═════ Source information ═════
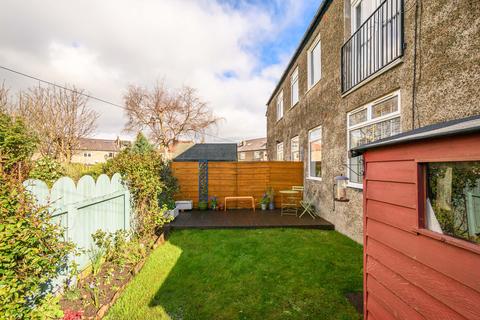 60 Pilton Drive, Edinburgh, EH5 2HG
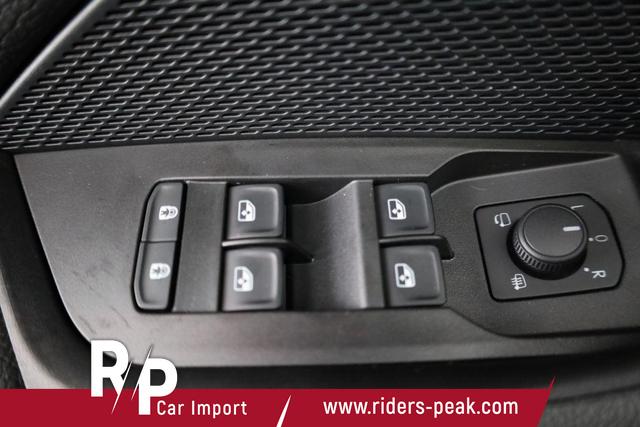 Skoda Octavia Combi RS 2.0 TSI DSG, Sonderlackierung, AHK, 19 Zoll, Canton, el. Klappe, Navi, Matrix, sofort 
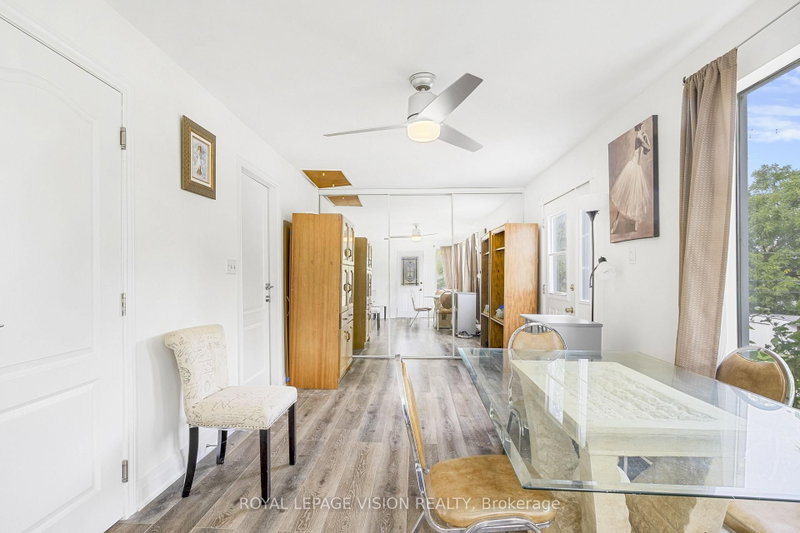 43 Lavinia St N photo 5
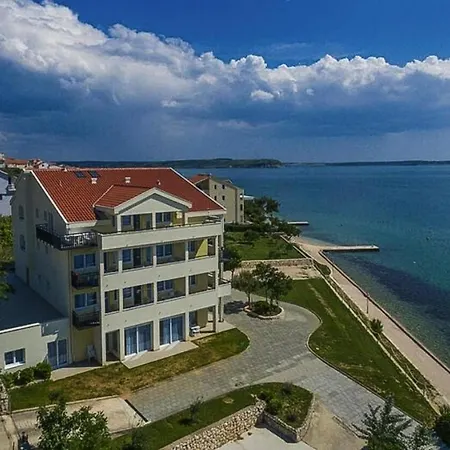 Apartments Vila 4M, Miletici, Waterfront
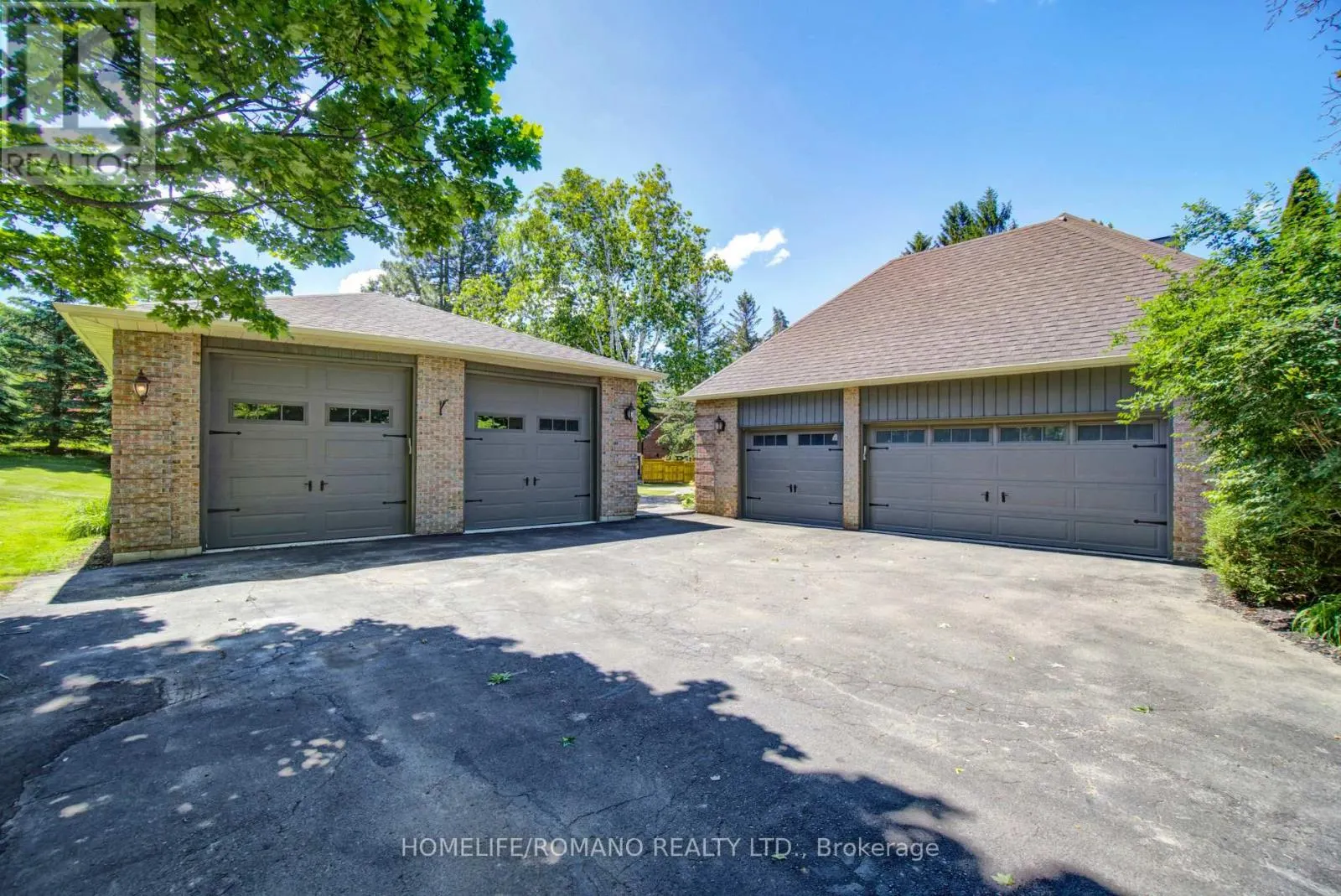 12 HEDGEROW LANE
═════
### [Exercise description]
In the data above, find the line containing "43 Lavinia St N photo 5"; from there, please write out each line through the end, exactly, with the pictures omitted.

### [Response area]
 43 Lavinia St N photo 5
 Apartments Vila 4M, Miletici, Waterfront
 12 HEDGEROW LANE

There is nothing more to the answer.